The newly released U.S. Q2 2026 (for the week ending April 17) MBA Purchase Index rebounded sharply to 175.6, climbing significantly from the previous reading of 159.5. As mortgage rates trended lower for three consecutive weeks, previously wait-and-see homebuyers flooded back into the market, driving a strong 7.9% simultaneous increase in overall mortgage application volume, injecting a shot in the arm into the peak spring housing market.

Looking at the detailed performance, not only did the seasonally adjusted Purchase Index—which solely measures homebuying intention—jump 10% for the single week and stand 14% higher than the same period last year; the highly rate-sensitive Refinance Index also rose 6% for the week, with an annual surge of 52%. Furthermore, the average contract rate for a 30-year fixed mortgage dropped to 6.35%, the lowest level in over a month, effectively easing the borrowing cost pressure on buyers.

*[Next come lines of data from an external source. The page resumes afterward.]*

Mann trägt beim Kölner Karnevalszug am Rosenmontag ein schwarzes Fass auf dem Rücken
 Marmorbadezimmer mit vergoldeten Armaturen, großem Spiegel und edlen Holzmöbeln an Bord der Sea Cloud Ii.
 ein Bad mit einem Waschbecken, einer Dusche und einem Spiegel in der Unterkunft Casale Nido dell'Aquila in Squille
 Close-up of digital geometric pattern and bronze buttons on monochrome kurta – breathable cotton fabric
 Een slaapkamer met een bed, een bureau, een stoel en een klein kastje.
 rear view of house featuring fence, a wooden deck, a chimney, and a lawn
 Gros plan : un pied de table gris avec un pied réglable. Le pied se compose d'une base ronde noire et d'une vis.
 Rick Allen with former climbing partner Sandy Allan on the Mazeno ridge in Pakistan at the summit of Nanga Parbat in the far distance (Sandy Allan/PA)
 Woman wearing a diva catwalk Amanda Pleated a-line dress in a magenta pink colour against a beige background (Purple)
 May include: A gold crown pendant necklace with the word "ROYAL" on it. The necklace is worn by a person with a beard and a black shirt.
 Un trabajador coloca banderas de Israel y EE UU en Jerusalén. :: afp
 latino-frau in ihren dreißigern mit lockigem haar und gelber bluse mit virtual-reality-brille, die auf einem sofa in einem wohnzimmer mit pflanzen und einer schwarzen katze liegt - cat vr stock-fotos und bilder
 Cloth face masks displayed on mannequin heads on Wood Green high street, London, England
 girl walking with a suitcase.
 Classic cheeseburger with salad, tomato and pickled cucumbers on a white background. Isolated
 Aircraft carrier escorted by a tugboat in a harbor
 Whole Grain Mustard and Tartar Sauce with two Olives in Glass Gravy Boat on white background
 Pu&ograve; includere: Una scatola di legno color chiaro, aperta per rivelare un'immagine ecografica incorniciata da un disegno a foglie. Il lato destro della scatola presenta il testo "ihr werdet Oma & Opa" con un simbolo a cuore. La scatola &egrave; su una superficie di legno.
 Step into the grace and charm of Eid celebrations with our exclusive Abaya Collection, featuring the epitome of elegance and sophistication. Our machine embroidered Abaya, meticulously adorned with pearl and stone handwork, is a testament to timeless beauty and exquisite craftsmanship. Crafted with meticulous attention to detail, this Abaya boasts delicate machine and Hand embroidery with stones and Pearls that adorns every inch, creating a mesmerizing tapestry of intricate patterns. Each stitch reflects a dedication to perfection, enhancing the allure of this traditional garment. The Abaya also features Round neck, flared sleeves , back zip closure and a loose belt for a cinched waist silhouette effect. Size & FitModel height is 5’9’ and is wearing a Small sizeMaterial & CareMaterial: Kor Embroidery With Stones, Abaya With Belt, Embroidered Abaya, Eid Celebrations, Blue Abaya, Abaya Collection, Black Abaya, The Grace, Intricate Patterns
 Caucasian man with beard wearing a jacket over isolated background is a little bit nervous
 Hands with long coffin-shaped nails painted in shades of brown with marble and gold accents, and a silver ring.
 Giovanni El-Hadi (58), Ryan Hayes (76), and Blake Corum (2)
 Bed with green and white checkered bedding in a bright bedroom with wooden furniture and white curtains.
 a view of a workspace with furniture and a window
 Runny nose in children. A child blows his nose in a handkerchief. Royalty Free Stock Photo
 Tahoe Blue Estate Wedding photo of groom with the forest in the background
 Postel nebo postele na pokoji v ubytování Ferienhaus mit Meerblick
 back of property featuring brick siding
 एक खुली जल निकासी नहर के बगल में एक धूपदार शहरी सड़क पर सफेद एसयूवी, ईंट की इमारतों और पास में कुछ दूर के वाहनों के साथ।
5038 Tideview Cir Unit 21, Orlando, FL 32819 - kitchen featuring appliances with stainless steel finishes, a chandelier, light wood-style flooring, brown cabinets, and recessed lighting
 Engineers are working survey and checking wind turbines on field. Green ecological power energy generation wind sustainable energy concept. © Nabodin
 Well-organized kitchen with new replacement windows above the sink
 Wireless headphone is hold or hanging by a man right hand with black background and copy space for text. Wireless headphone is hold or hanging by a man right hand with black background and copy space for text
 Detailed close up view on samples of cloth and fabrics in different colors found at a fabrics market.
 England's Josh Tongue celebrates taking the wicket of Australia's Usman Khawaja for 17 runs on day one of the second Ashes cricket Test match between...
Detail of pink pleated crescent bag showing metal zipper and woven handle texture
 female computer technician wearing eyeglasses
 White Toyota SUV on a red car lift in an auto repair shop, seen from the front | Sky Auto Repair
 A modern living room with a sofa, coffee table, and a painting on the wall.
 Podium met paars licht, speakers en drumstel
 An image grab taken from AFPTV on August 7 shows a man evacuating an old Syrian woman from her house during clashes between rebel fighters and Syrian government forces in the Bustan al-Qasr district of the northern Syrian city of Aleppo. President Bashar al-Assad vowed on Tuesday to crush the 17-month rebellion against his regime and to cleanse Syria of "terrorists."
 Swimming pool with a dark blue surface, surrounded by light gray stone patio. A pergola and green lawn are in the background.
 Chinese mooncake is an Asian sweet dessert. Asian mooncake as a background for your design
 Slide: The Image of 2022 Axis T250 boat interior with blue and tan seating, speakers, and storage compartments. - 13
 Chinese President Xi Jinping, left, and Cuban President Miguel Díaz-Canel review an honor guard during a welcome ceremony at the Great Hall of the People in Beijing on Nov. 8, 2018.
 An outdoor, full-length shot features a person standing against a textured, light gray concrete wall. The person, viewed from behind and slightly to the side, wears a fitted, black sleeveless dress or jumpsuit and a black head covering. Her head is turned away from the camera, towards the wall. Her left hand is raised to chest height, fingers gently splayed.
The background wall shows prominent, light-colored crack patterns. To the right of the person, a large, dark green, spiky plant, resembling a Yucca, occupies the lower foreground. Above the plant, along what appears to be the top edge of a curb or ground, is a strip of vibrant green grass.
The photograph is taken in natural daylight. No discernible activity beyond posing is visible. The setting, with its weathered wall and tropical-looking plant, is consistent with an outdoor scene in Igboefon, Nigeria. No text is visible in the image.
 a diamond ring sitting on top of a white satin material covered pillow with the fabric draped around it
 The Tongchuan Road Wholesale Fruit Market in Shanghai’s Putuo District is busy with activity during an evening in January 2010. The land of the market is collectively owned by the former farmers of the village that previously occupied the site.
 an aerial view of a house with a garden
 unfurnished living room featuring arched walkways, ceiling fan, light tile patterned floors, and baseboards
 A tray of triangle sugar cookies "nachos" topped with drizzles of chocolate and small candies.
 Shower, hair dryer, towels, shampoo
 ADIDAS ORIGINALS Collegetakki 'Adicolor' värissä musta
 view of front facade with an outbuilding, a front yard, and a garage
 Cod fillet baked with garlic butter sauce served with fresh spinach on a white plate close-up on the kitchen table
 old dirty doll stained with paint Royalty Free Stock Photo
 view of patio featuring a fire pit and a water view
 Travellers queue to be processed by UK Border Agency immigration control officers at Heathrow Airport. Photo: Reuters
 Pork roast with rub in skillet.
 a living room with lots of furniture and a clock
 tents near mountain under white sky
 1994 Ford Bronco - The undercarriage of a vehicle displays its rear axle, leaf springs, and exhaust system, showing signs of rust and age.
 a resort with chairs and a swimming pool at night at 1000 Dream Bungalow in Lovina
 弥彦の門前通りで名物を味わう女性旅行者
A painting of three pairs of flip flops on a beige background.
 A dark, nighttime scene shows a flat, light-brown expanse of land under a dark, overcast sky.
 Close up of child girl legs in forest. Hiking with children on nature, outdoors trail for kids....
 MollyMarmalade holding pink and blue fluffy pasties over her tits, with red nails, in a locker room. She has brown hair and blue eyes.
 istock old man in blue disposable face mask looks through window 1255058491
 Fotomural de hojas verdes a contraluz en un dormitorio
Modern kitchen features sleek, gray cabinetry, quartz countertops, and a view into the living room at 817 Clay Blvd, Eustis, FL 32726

In response to this recovery in buying momentum, Mortgage Bankers Association (MBA) Chief Economist Mike Fratantoni pointed out that the financial market's positive reaction to the easing of Middle East geopolitics and the pullback in oil prices effectively depressed long-term Treasury yields and mortgage rates. In addition, although the broader environment remains fraught with uncertainty, a resilient labor market continues to support rigid demand; meanwhile, compared to the same period last year, housing inventory levels in most areas across the U.S. have expanded, giving buyers more room for negotiation and choice.

In the short term (1-2 months), if mortgage rates can stably maintain a range below 6.5%, coupled with the dual tailwinds of the traditional spring homebuying peak season and inventory improvement, the transaction momentum of the U.S. housing market is expected to continue its recovery trend. In the medium term (3-6 months), the market's greatest potential risks remain inflation stickiness and the Federal Reserve's (Fed) monetary policy path; if a resurgence in geopolitical conflicts causes energy prices to rebound, Treasury yields and mortgage rates will inevitably rise again, thereby cooling the recovering buying momentum.